# How About...?



## mish (Oct 2, 2005)

How about a topic for decorating your table, i.e. centerpieces, napkins, placements, invitations & recipes (for let's say a chocolate fondue fountain for weddings/special occasions etc.), recipes for wedding cakes, decorative ice molds, candle settings, wreaths for your dinner event. A party planning & cake decorating section. Cake decorating is quite an art & I think it will open up he forum for many experienced pastry chefs to hang out and share ideas. Why call a caterer  , we can brainstorm and share here. Whaddayathink?


----------



## mudbug (Oct 2, 2005)

I can think of at least three other people who would be interested in this site:

Claire, jkath, and htc.  

And I would definitely read it.

seconding mish's idea here.


----------



## mish (Oct 2, 2005)

I'm thinking this would also be an "open call" to welcome and exchange ideas with caterers, party planners, cake decorators, pastry chefs & perhaps decorators as well.  Particularly with the holidays just around the corner, think we can expand the forum & welcome more foodies into an already outstanding cooking site.


----------



## Alix (Oct 2, 2005)

Where do you think that would fit? In Miscellaneous? Cookware? Or should it be a section unto itself?


----------



## mudbug (Oct 2, 2005)

how about one called "Company's Coming" or "Entertaining"?


----------



## Alix (Oct 2, 2005)

So you are thinking a whole new forum. With sub fora like...

Catering to Crowds
Tablescapes
Cake Decorating

Am I getting the picture.


----------



## mish (Oct 2, 2005)

I think it could be a topic all to itself...for perhaps event planning/special occasions/cake decoratering (fondant, ganache ideas)/tools of the trade (re cakes), party planning/kitchen/table decor/place settings/centerpieces/ice sculptures/decorating with food.  Would have to think on it a bit more for an exact breakdown.


----------



## mish (Oct 2, 2005)

Alix said:
			
		

> So you are thinking a whole new forum. With sub fora like...
> 
> Catering to Crowds
> Tablescapes
> ...


 
Yes. I like it. Just don't want to see a bunch of casserole recipes to feed 50, if you know what I mean...but, hey guess that would be okay. More in line with the creative "art" of cooking and table decor. Or - brunch, ideas, whole menus? Does that make sense? Just brainstorming.


----------



## Alix (Oct 2, 2005)

Gotcha. I will post a link to this for the Admins to check out. In the meantime...why don't you suggest more subfora? I am sure I missed a few.


----------



## mish (Oct 2, 2005)

Thanks, Alix.  Could ask the forum for more suggestions on what people would like to share as well. Would like to see the catagory more in a professional sense rather than arts and crafts, dontcha think?


----------



## Alix (Oct 2, 2005)

Yes, I see where you are going. Keep brainstorming stuff in here. I gave them a link to look at, so they will come here to see what folks are asking about. 

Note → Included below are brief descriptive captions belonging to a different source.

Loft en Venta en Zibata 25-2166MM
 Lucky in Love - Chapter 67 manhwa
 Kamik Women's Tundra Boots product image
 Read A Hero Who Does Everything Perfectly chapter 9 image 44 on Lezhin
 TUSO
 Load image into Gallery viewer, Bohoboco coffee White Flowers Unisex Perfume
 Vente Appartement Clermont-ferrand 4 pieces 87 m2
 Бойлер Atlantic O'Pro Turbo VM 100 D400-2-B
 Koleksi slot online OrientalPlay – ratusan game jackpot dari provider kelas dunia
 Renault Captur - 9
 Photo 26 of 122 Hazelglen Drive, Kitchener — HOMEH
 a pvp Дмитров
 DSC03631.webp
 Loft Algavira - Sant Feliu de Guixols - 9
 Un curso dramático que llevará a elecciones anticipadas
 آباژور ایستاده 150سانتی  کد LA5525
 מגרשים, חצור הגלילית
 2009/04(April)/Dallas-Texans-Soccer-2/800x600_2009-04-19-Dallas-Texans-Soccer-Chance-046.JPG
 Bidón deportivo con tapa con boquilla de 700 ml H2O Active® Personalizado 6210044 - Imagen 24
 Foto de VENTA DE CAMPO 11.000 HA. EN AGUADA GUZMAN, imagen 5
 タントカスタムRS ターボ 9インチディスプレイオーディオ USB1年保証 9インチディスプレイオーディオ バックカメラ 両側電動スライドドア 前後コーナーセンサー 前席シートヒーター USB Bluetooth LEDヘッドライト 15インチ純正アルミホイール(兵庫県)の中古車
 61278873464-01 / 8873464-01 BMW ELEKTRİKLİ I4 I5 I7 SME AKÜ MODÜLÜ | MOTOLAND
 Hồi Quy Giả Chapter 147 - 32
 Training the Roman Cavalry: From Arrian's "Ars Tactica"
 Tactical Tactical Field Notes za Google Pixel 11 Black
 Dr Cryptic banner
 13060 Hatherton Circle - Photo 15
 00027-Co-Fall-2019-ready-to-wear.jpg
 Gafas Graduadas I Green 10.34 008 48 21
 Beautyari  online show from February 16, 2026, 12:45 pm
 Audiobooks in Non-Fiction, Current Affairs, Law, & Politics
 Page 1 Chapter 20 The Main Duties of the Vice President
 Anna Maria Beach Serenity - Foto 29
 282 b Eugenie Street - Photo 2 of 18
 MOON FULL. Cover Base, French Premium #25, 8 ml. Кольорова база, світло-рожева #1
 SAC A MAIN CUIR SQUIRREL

I am not very good at "Fancy Pants" stuff, I'm all thumbs when it comes to decorating, but I would love to learn about it.


----------



## amcardon (Oct 3, 2005)

Alix said:
			
		

> I am not very good at "Fancy Pants" stuff, I'm all thumbs when it comes to decorating, but I would love to learn about it.


 
Same here!  I'm excited to see where this goes...  My sister did our wedding cake last may and since then I've repeated her recipe 3 or 4 times with not-so-great results... Wouldn't mind some experts giving thier 2 cents worth!


----------



## kitchenelf (Oct 3, 2005)

We'll work on the particulars - plan it CAREFULLY - so don't expect overnight results. Just know that it is being discussed.  It may have too many overlapping areas - we just have to discuss it more.

But please, if you have a question about any of the topics mentioned - just post them anyway in the appropriate forum. If you aren't sure there is a forum for what you need to know just post in Miscellaneous.


----------



## mish (Oct 3, 2005)

Thank you kitchenelf. I'm excited and looking forward to it. 

I like Alix's ideas, tablescapes and cake decorating.  I had a friend that took a course in cake making/decorating, & she made the most beautiful cakes = down to the little dew drops from the roses.

I'll go work on my  idea for a kitchen cutlery mobile. Really, I saw it on TV and it was pretty clever. (I'm more of a floating candles kinda girl.) Can't wait to see all the ideas.


----------



## licia (Oct 3, 2005)

My cousin did a lot of her daughter's wedding reception and dinner.  One of the things she did was a cake tree. I'm not sure I can explain how she did it, but if you can imagine a tree trunk with the limbs extending off with a tray for a cake on the end of each limb, that is about as close as I can explain. She made about 25 different cakes to go on the trays and trimmed the trunk and branches with sparkling tulle and mini white lights, with white and red roses.  She also made several cakes, duplicates of those on the tree and they were served from a table decorated to match.  The cakes on the tree were not served until the others were cut and served.  The florist she used bought the tree and trimmings from her for quite a hefty price. It was beautiful and the cakes were wonderful.


----------



## mish (Oct 3, 2005)

Wow, licia!  How creative. Would have loved to see pics.  I can almost imagine it from your description.


----------



## Piccolina (Oct 4, 2005)

*I love the idea of this thread*, thanks so much for coming up with it mish!!! What inspired your suggestion?


----------



## kitchenelf (Oct 6, 2005)

Check it out!  Entertaining, Special Events, and Party Planning


----------



## mish (Oct 6, 2005)

Thank you, kitchenelf.  I posted a starter idea.  Hope it will inspire folks to jump in.


----------